You know what though, if REM had released Reckoning this year it would have beaten everything. A pity they didn't quit ten years ago, the later albums are so leaden compared to this.

I work in hotel, all gilt and flash.


Well, the CDR best of the year compilations are pretty much all in, apart from a few stragglers. Looks like Arcade Fire and Gorillaz were the top albums of the year, there were 5 different tracks picked from each one. Other favourites were The Fall, White Stripes (albeit the same track chosen 4 different times - My Doorbell), Arctic Monkeys, LCD Soundsystem, Chemical Brothers, Elbow, The Tears, amongst others.

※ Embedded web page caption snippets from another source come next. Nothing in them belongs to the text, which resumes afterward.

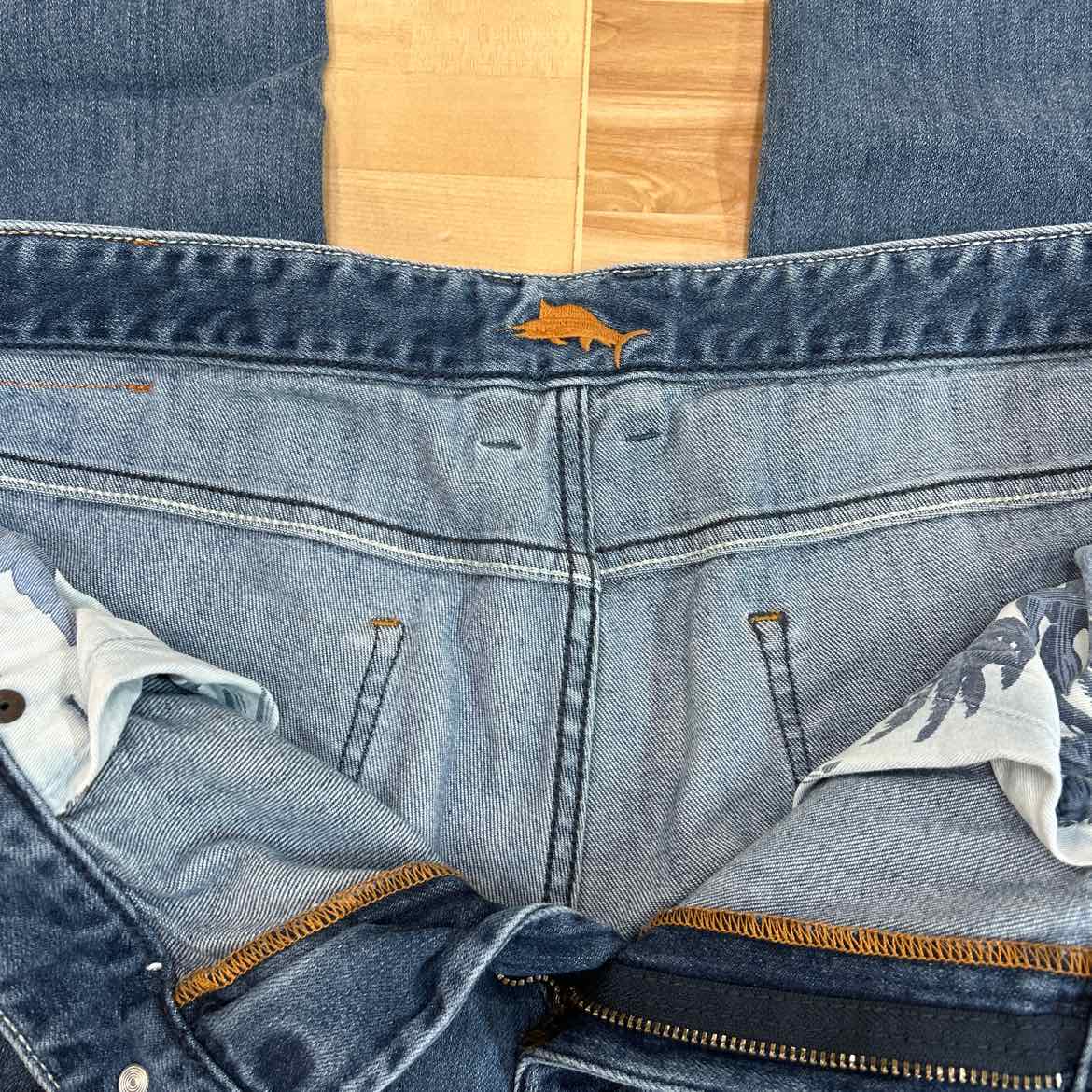 Tommy Bahama Size 38x32 Blue MENS Jeans
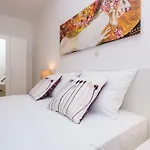 Luka 2 Apartman *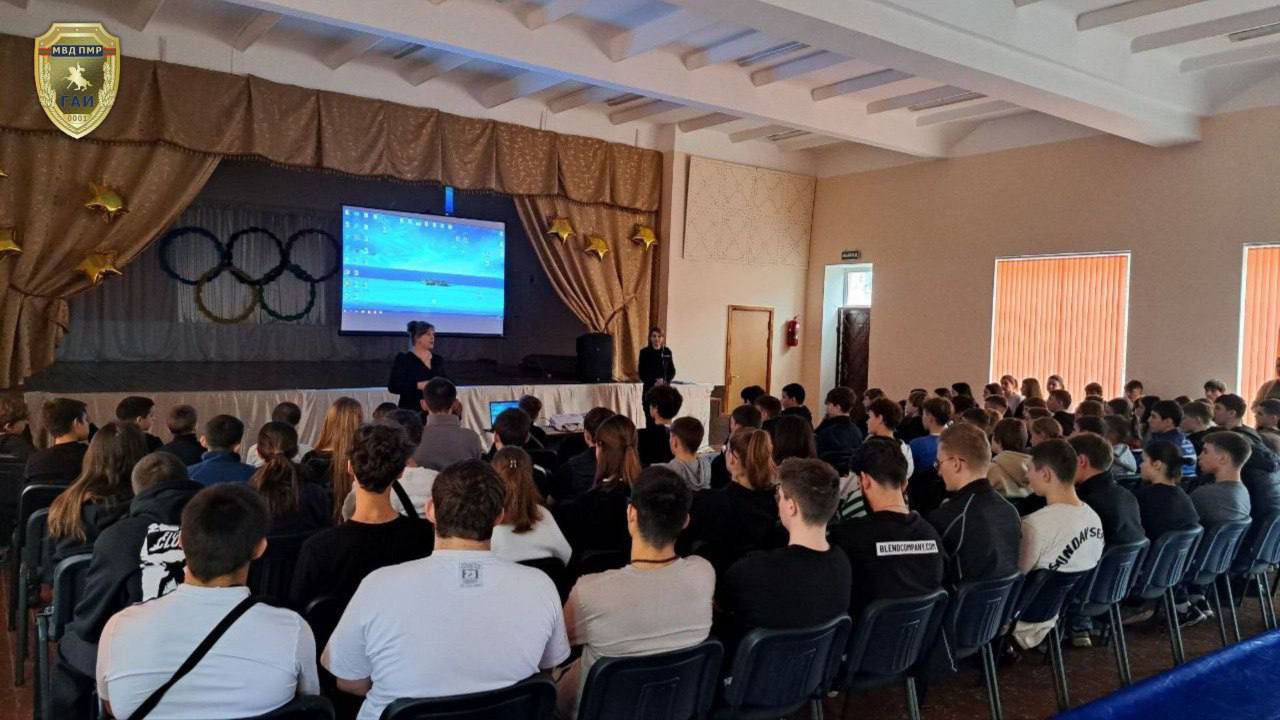 Сотрудники Госавтоинспекции продолжают работу по повышению безопасности детей и подростков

In the sales I picked up the Children of Nuggets box set, a compilation of the (very) loosely defined 'second psychedelic era'. What this means is a bunch of songs from 1976 - 1994, featuring jangly guitar bands with paisley shirts and pointy shoes. Apart from that, I've been listening to Reckoning by REM (every single track of which could well belong on the Nuggets box set), Achtung Bono by Half Man Half Biscuit, and Quadrophenia by the Who.